Listening is a complex activity. It includes:
- Giving attention;
- Receiving information;
- Taking in the thoughts and feelings conveyed;
- Interpreting behaviour;
- Noticing key points and themes;
- Checking that you have heard and understood correctly.
The focus remains on the speaker when the listener reflects back what has been heard. Restatements, paraphrasing and summarising the messages received form an important part of the process for several reasons:
- The speaker is assured of your understanding;
- If you have got it wrong, the speaker can correct you;
- The speaker can hear the effect of what they are saying.
Listening involves considerable self-discipline. It means suspending your own assumptions, judgements, advice and solutions. It may also mean tolerating silence, allowing the speaker time and space to gather thoughts and give expression to feelings.
While active listening forms the cornerstone of bereavement support, to facilitate the expression of the disordered thoughts and feelings of grief, other approaches may be required for ongoing support. More directive strategies may also be indicated when the bereaved person finds it difficult to talk, or when uncompleted mourning tasks have been identified.
Some people welcome invitations to talk about their loved one, particularly if they have been discouraged from doing so by others.
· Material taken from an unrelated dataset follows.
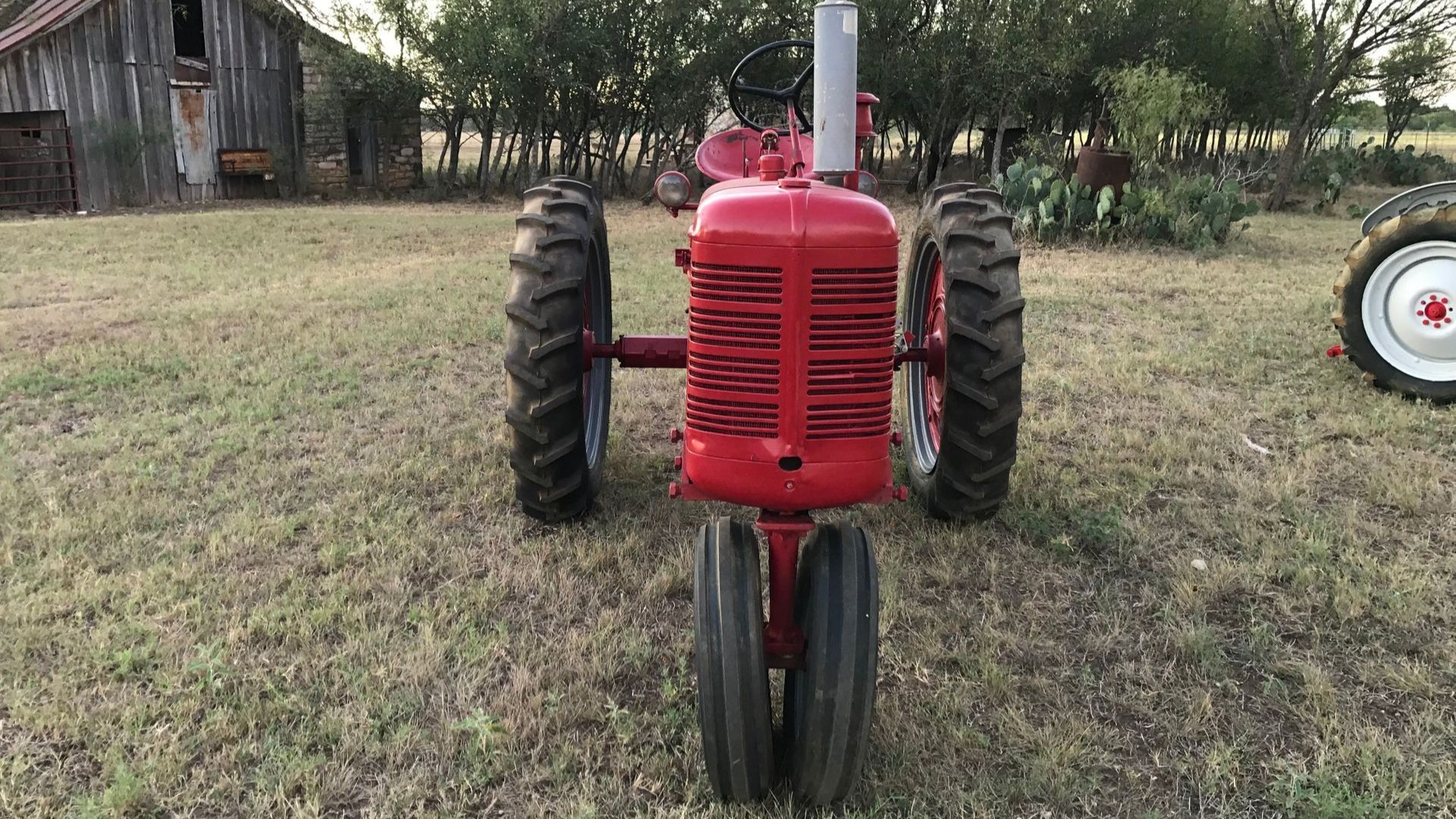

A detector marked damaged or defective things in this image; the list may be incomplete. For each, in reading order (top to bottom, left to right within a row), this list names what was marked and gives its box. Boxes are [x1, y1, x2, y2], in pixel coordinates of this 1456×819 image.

rusty metal roof [0, 0, 101, 58]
Open questions about the child might be:
‘Can you tell me more about?’
‘What sort of child was he/she?’
‘What are your special memories?’
Photographs and mementoes provide a fund of recollections and a genuine interest in sharing them encourages warmth and trust.
Bereavement is made up of many little good-byes and it may be appropriate to construct together some private rituals to help the bereaved deal with difficult memories. For instance, a parent at the Alder Centre requested help with revisiting the road junction where her daughter had been killed years previously. Another parent helped her child grieve for a friend, whose funeral they had been unable to attend, by releasing helium balloons with goodbye messages on them.
For many parents and siblings, writing becomes an important (healing) tool. When such writing can be shared, it is a powerful communicator of inner feelings. For those who are anguished by things left unsaid to the child, the device of writing a letter, addressed as it were to the child, can be liberating.
Alternatively, an audio tape could be made, with messages interspersed with favourite music.
Photographs, keepsakes, written memories, pictures of favourite TV shows can all contribute to an album of memories.